(Exercise input begins)

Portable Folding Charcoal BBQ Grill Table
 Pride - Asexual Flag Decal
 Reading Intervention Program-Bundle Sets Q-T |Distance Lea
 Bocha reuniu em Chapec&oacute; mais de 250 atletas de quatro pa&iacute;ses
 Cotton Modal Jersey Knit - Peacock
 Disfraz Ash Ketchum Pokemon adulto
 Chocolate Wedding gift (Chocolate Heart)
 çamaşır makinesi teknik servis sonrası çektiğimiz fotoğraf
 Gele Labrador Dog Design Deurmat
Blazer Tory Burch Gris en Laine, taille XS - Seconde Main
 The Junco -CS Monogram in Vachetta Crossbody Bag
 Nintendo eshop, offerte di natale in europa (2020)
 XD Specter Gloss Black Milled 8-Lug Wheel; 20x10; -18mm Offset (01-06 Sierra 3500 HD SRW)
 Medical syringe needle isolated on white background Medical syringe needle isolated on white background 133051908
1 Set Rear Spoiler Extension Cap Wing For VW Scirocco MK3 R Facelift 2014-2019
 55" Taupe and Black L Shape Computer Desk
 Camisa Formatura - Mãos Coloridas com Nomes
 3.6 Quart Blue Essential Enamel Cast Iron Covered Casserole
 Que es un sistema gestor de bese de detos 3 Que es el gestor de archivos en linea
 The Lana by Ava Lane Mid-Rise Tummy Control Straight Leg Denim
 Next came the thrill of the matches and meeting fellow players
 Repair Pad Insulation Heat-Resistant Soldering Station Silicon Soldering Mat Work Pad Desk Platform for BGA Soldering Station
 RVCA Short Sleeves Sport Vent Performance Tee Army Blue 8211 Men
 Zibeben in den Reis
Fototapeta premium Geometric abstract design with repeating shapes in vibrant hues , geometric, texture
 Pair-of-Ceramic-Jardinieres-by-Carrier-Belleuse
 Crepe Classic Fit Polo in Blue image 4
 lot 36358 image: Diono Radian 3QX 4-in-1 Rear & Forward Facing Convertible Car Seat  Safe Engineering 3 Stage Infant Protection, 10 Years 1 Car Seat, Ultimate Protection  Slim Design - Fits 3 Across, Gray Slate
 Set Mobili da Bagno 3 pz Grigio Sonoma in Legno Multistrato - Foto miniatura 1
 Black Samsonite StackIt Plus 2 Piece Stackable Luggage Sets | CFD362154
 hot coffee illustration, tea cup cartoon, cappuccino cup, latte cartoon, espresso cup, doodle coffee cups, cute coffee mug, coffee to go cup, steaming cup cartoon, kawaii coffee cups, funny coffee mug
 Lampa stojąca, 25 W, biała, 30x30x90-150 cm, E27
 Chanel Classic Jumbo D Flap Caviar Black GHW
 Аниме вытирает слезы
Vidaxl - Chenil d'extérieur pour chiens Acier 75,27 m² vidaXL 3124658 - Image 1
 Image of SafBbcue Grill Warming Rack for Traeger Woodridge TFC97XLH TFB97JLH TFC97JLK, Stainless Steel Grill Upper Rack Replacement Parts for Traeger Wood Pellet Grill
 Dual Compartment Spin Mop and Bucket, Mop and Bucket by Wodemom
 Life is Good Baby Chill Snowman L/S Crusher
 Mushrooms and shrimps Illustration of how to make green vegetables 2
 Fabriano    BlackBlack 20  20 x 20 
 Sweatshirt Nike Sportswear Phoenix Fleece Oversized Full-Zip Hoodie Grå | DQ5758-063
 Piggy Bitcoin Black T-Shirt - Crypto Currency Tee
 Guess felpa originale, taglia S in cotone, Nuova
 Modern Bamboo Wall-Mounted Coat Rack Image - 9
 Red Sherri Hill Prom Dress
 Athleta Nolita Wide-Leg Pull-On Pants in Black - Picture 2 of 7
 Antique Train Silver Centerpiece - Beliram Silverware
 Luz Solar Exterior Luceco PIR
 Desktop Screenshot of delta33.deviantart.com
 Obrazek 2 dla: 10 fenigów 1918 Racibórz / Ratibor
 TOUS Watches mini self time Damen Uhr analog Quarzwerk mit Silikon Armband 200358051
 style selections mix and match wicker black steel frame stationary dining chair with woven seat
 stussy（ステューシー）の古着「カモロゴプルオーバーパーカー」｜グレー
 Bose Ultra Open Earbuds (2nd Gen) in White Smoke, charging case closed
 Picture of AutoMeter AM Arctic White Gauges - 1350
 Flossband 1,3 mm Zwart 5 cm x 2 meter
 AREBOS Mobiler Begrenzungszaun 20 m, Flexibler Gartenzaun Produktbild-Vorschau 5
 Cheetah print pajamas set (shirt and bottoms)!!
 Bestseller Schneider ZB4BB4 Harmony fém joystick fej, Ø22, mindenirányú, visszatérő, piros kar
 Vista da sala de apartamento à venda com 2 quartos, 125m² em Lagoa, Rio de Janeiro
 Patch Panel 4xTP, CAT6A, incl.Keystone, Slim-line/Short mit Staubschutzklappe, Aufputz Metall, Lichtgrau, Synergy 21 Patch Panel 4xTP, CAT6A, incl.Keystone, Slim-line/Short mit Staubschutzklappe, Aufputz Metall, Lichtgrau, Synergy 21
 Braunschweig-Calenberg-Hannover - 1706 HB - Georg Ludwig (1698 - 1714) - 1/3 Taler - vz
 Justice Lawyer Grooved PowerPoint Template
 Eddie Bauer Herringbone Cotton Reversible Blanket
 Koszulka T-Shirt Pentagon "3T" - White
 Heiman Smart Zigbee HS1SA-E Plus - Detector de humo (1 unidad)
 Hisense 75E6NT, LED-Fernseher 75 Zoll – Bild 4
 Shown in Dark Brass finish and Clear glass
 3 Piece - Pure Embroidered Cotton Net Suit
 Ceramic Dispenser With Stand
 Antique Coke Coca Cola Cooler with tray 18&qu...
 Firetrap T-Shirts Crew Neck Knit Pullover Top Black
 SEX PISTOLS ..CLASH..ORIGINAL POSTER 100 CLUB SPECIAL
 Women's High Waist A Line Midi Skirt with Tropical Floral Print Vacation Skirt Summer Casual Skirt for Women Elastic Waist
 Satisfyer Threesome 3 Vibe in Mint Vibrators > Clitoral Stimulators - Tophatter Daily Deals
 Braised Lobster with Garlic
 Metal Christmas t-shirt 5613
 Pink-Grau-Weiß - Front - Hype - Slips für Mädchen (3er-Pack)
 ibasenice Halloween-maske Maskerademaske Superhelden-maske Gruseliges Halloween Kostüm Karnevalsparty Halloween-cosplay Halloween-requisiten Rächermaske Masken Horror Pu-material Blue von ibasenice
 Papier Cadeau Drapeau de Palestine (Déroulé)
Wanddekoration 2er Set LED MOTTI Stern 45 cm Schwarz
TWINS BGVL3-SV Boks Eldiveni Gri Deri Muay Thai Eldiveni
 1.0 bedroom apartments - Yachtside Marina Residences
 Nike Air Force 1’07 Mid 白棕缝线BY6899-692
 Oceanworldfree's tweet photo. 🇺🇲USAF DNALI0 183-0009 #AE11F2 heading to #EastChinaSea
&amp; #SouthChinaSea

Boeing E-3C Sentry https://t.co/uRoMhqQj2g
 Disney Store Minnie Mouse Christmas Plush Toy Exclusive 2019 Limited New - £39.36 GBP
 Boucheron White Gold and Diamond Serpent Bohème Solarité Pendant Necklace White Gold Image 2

(Exercise input ends)

Instructions to follow:
Report every line of the preceding listing where the string "Nike" occurs.

Expected output:
 Sweatshirt Nike Sportswear Phoenix Fleece Oversized Full-Zip Hoodie Grå | DQ5758-063
 Nike Air Force 1’07 Mid 白棕缝线BY6899-692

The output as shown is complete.